Technology is a key resource to directing vendors to completing tasks and collecting essential data about a property. Mortgage field services is a fast-paced industry and the right mobile applications can facilitate speedy results from the field directly to clients. According to the Pew Research Center, in 2015 two-thirds of Americans were smartphone users, which means that a majority of vendors are already using their smartphones and mobile applications on a daily basis. There are a number of different applications that are built specifically for the mortgage field services industry and can be customized to accommodate specific requirements or integration to other systems. Third-party vendors utilizing these applications in the field can turn results such as property condition, necessary bids, and supporting photos back to our clients quickly and efficiently. Vendors will enjoy the benefits of requiring less overhead to complete work orders, speed to invoice, and increased work load capacity. Other benefits for the vendors using these applications also may include management of crews in the field, work order routing, and push notifications. 

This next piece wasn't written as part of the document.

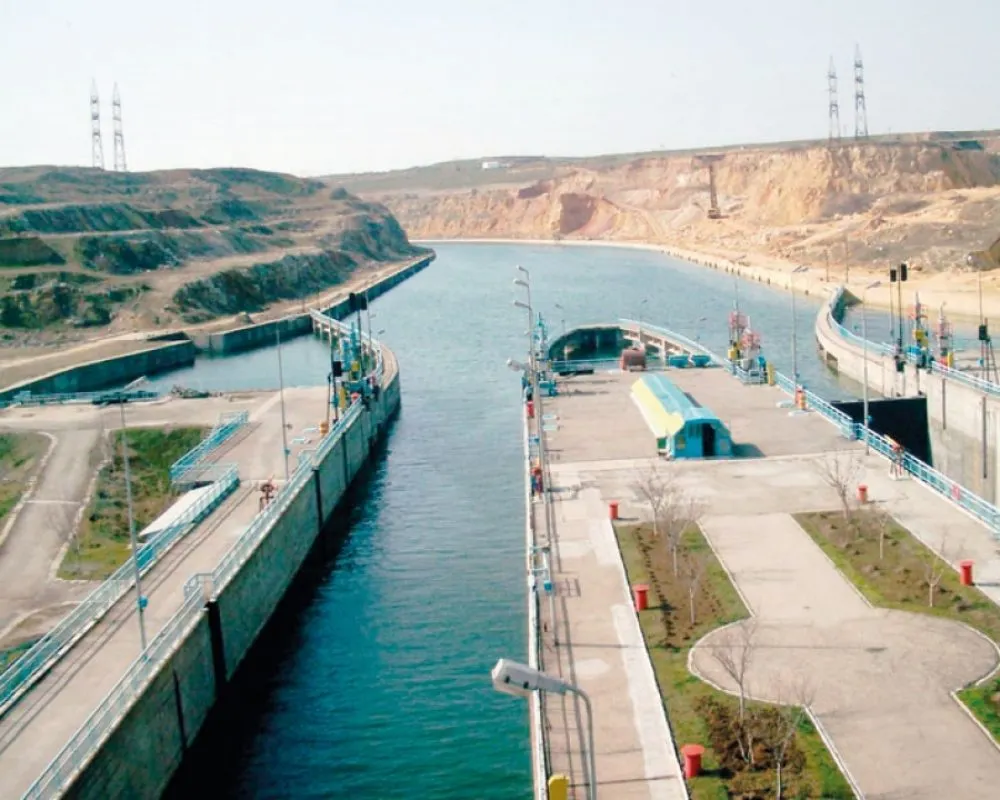 Blocaj pe Dunăre: 50 de nave așteaptă să intre prin Sulina. România și Ucraina caută soluții pentru fluidizarea traficului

 Resource materials and technology unaccompanied with face-to-face communications will likely not be successful. In-field communication is a practical tool that can be used to link client expectations to a real-life application. One effective method to link all the pieces together is for the mortgage field services provider to have a representative walk through the work order instructions of the first order, visit the property alongside the vendor, and then sit with the office staff during the process of reporting the details, providing bids, and the uploading of supporting photos. This helps the new vendor understand how all the pieces fit together and also will allow the field representative to make initial assessment of the capabilities of the new vendor. 

Building an effective vendor network is a continuous process of evaluating current vendors and determining where gaps exist. Once they are identified is when the real work begins. Much like the popular video game Tetris, pieces of the puzzle are always falling into the industry’s “game board”. It takes innovation to continue building a network of elite vendors that ultimately provides clients and investors with world class customer service.